Nos données de santé finissent chez des “data brokers”, et après ?

Nos données de santé finissent chez des “data brokers”, et après ?

Suite à la diffusion d'extraits de la prochaine émission de Cash Investigation, dédiée à la question sensible de la collecte de données personnelles, de nombreux français sont inquiets. Pourquoi et comment les données personnelles de santé, notamment concernant les médicaments achetés en pharmacie, atterrissent-elles dans les bases de données des “data brokers”, des entreprises géantes dont le métier est de commercialiser ces données ?

En théorie, elles sont seulement utilisées pour réaliser "des études non interventionnelles", mais au vu des récents scandales, des doutes existent.

IQVIA : le plus gros “data broker” de données de santé au monde

Cash Investigation a enquêté sur le rôle des “data brokers”, des entreprises mises en lumière par le scandale Cambridge Analytica. Le but de ces entreprises est de commercialiser les données et de les mettre au service d’autres entreprises afin de mieux cibler leurs clients. Ce faisant, elles proposent le bon produit ou le message correct à des fins commerciales ou politiques. Ce type de collecte ne vise pas seulement à mieux connaître l’individu ciblé, mais aussi à tenter de prédire ses envies et ses réactions. L’un de ces “data brokers”, nommé IQVIA, est spécialisé dans "la fourniture d'informations, de technologies innovantes et de services d'étude de recherche sous contrat utilisant la donnée de la science pour aider les acteurs de la santé à trouver les meilleures solutions pour les patients". En bref, une entreprise spécialisée dans les données de santé, leader mondial, qui présente un chiffre d'affaires annuel de près de 10 milliards de dollars.

Alors que la CNIL aurait autorisé la création et la gestion d'une base de données par IQVIA en France, par l’intermédiaire de sa filiale basée à Courbevoie, l’entreprise n'a pas le droit de commercialiser les données de santé  sur les medicaments que nous achetons en pharmacie, explique la commission sur son site Internet. Elles sont uniquement à disposition de projets de recherche.

Sommes-nous clairement informés de cette collecte ?

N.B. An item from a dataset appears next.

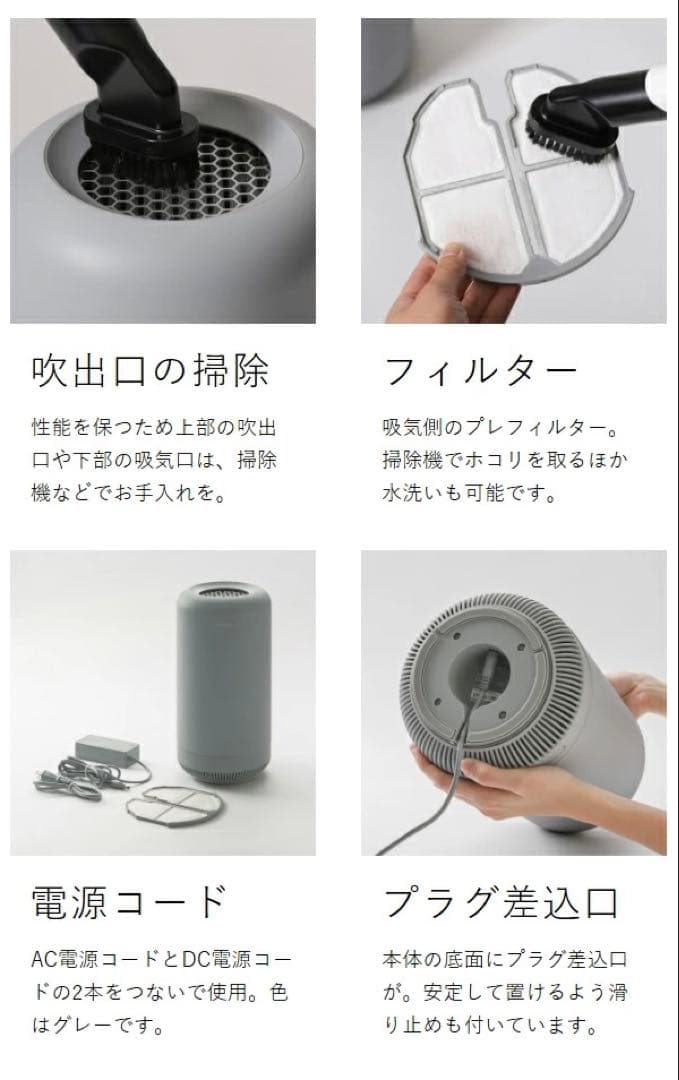 しー　美品　カドー オゾン脱臭機　SAP003 ホワイト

Suite à la vague de commentaires et d’inquiétudes  qui s’exprime à ce sujet sur les réseaux sociaux, il paraît évident que les citoyens ne sont pas informés de cette collecte. Selon la CNIL, c’est aux pharmaciens de bien informer leurs clients à travers "la remise d'une notice d'information" pour qu’ils soient éclairés sur le traitement de leurs données. Un document affiché au sein de la pharmacie ou diffusé sur son site web, devrait aussi compléter les mises en garde. Les clients doivent pouvoir à tout moment demander la rectification ou l'opposition à cette collecte de données, comme prévu par le Règlement sur la protection des données (RGPD). Cependant, l'émission Cash Investigation a visité 200 pharmacies et aucune n'affiche d'information sur cette utilisation de leurs données. En définitive, une opacité du système rend l’opposition quasi impossible. À ce manque de transparence s’ajoute l’affirmation de Cash Investigation qui soutient que les données collectées pourraient même ne pas être correctement anonymisées.

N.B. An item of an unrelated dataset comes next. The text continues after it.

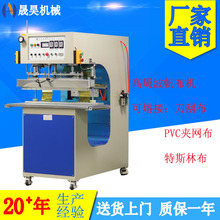 15KW高周波热合机 汽车篷布帆布熔接机PVC/TPU布高周波帆布熔接机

IQVIA n'est que la partie émergée de l'iceberg

Cedric O, secrétaire d'état chargé de la Transition numérique et des Communications électroniques, s'est exprimé sur Twitter pour dire que la CNIL allait vérifier le strict respect des libertés et de la vie privée dans cette affaire, qui n’est que la partie émergée de l’iceberg. Comme l’explique Clémentine Balayer du portail de l'intelligence économique, le scandale mis en lumiere par Cash Investigation n’est que “l’arbre qui cache la forêt d’un véritable système d’exploitation illégale des données personnelles”, auquel les Français semblent avoir consenti. Le site de santé Doctissimo par exemple, aurait aussi des liens explicites avec trois partenaires commercialisant des données comme l’américain profile.localytics.com, le français Xiti, ou encore Google.

Il semble que toutes ces questions, à l'heure où le pass sanitaire est en discussion dans tous les pays du monde, sont légitimes voire primordiales.